* _WHAT THE TASK REQUIRES_
The records below are to be transcribed exactly from their first line to the line that has "Máté Bezdek speaks about his reasearch", inclusive, with every picture omitted.

* _INFORMATION GIVEN_
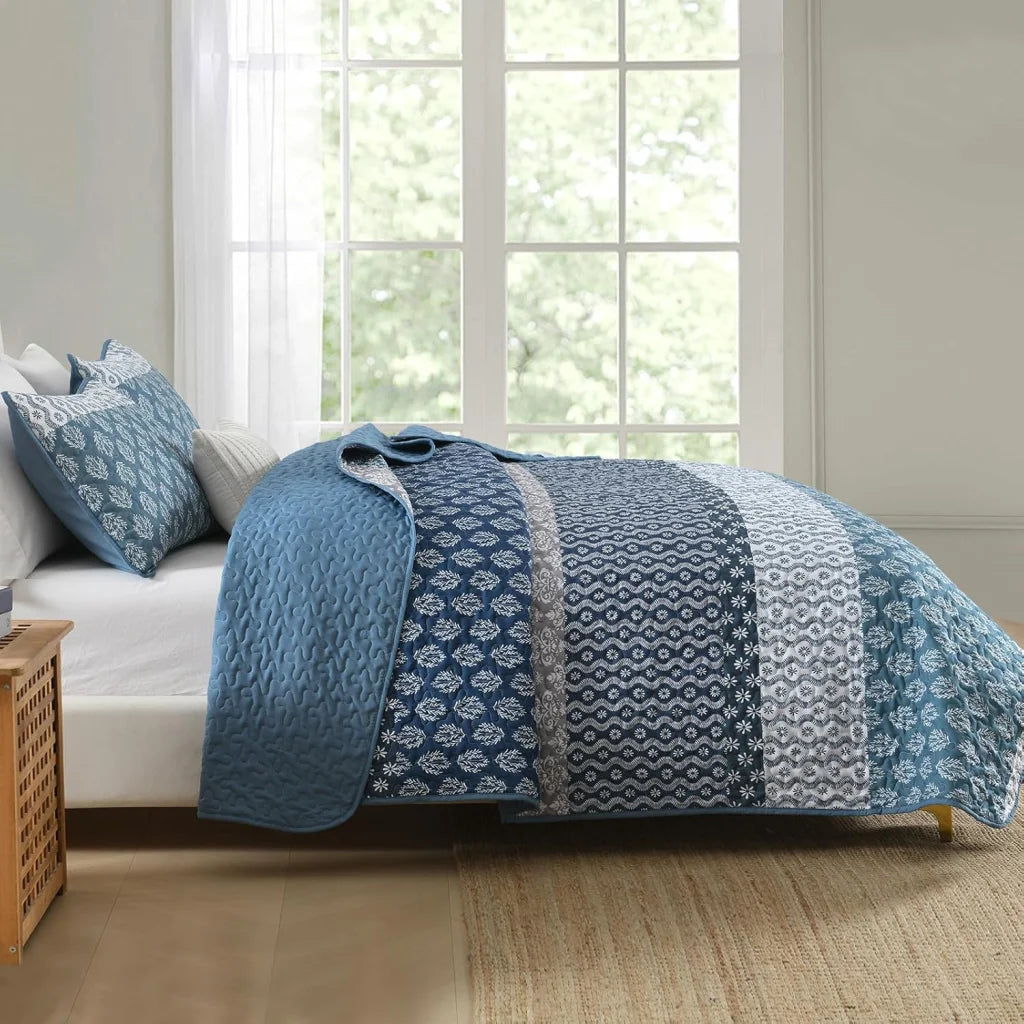 Classic Hydrangea Soft Quilted 3 Pc Bedspread & Pillow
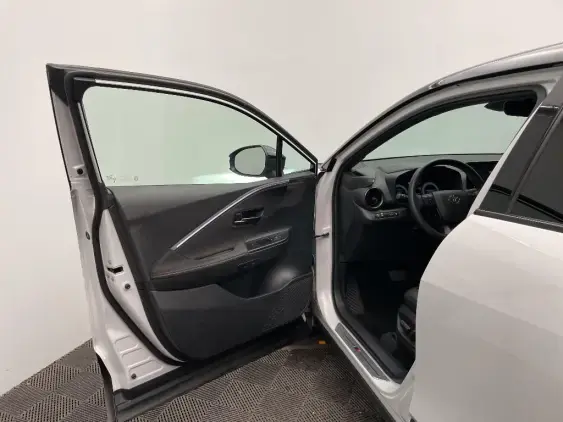 TOYOTA C-HR II - voiture d'occasion - Photo 19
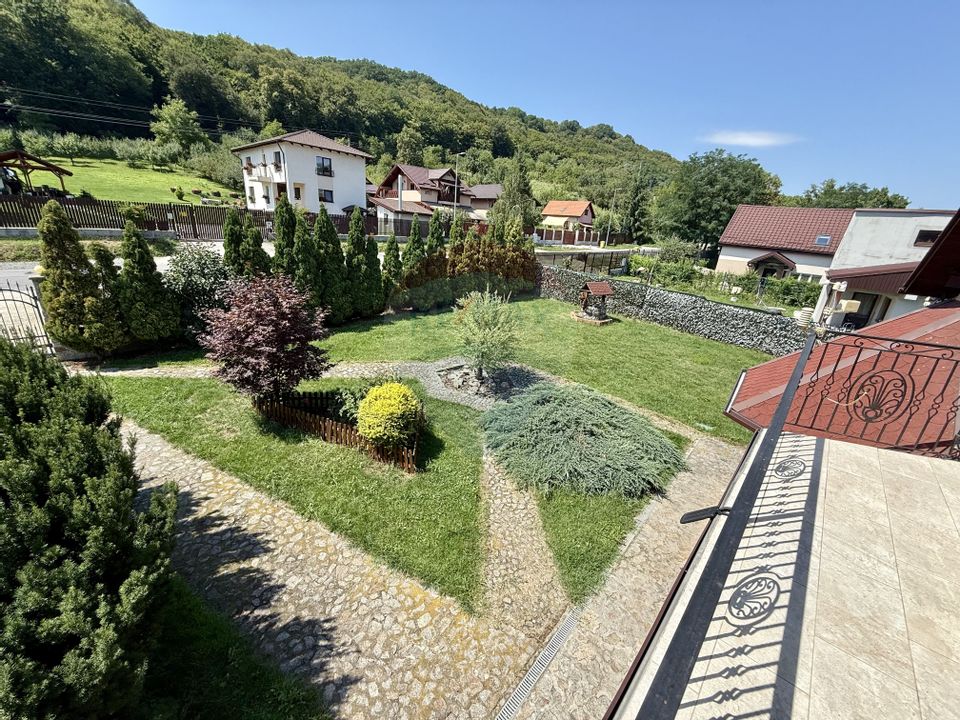 6 room House / Villa for sale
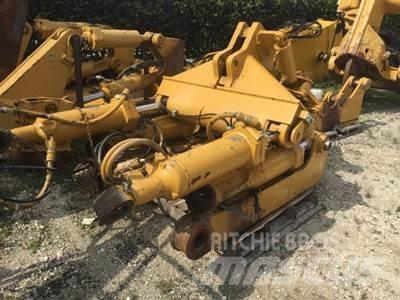CAT D8T Ripper, S/S Andere Zubehörteile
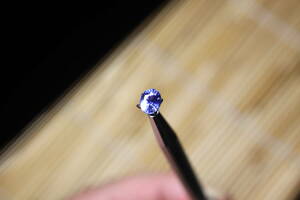 ＜オール４、そんな感じのルースです・・・・＞　天然ブルーサファイア　２．１６ｃｔ　＊およそ「７．５ｘ６。０ｘ５．５ｍｍ」です。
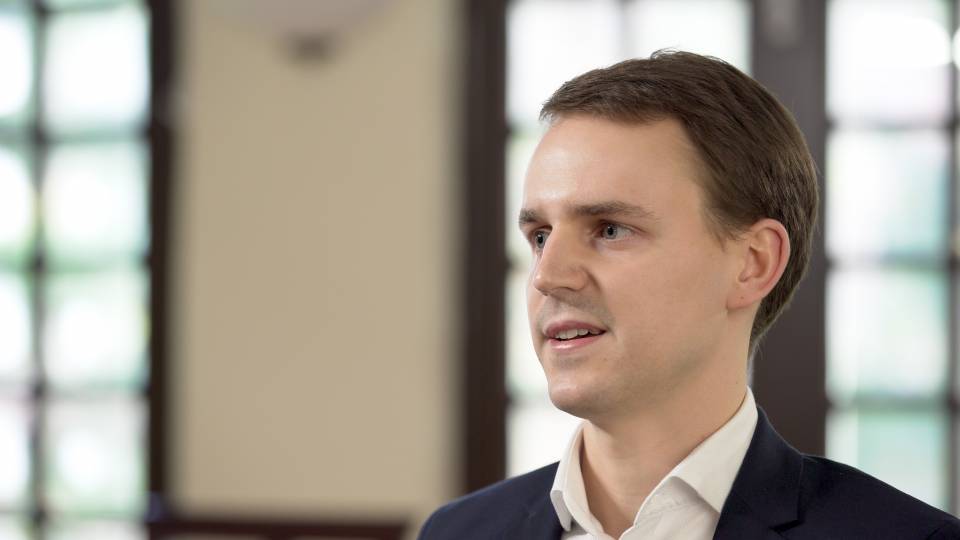 Máté Bezdek speaks about his reasearch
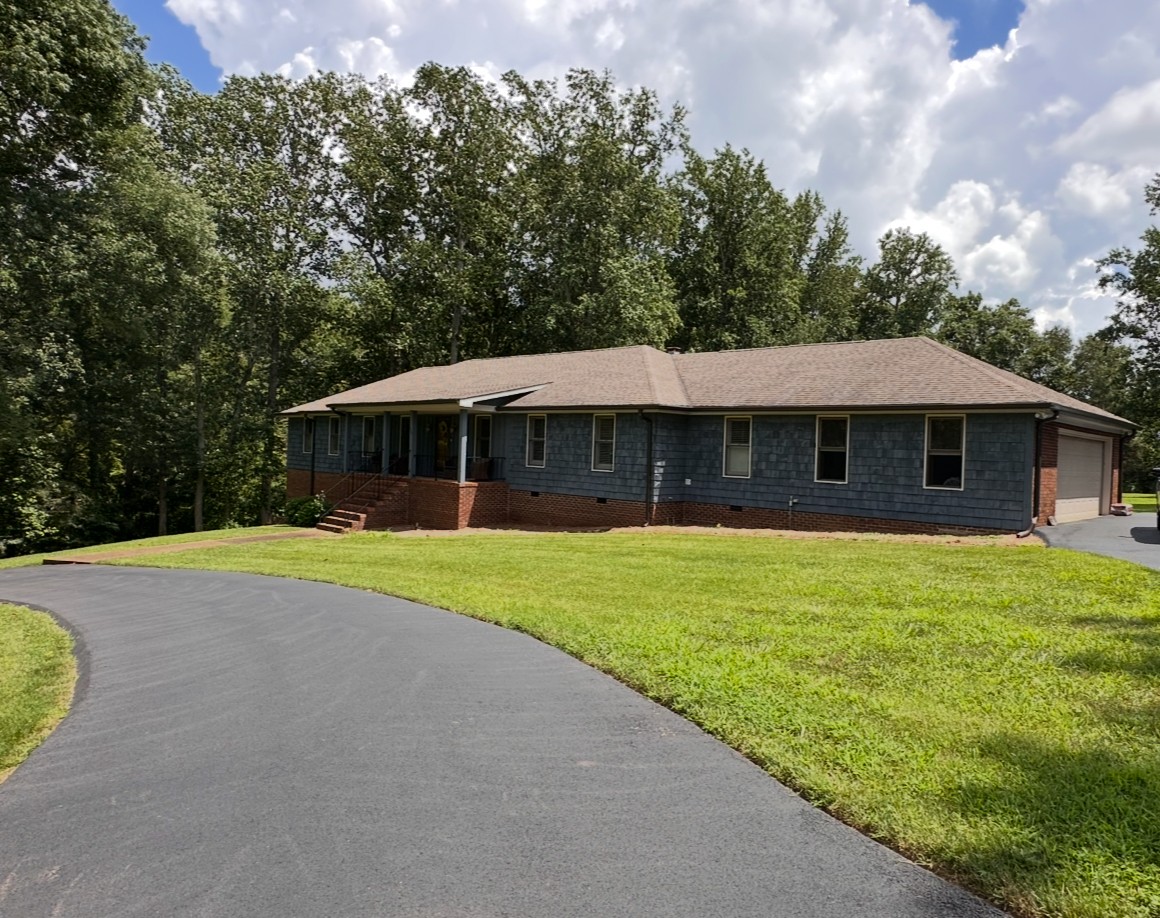 560 Lakeland Dr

* _TASK RESULT_
 Classic Hydrangea Soft Quilted 3 Pc Bedspread & Pillow
 TOYOTA C-HR II - voiture d'occasion - Photo 19
 6 room House / Villa for sale
CAT D8T Ripper, S/S Andere Zubehörteile
 ＜オール４、そんな感じのルースです・・・・＞　天然ブルーサファイア　２．１６ｃｔ　＊およそ「７．５ｘ６。０ｘ５．５ｍｍ」です。
 Máté Bezdek speaks about his reasearch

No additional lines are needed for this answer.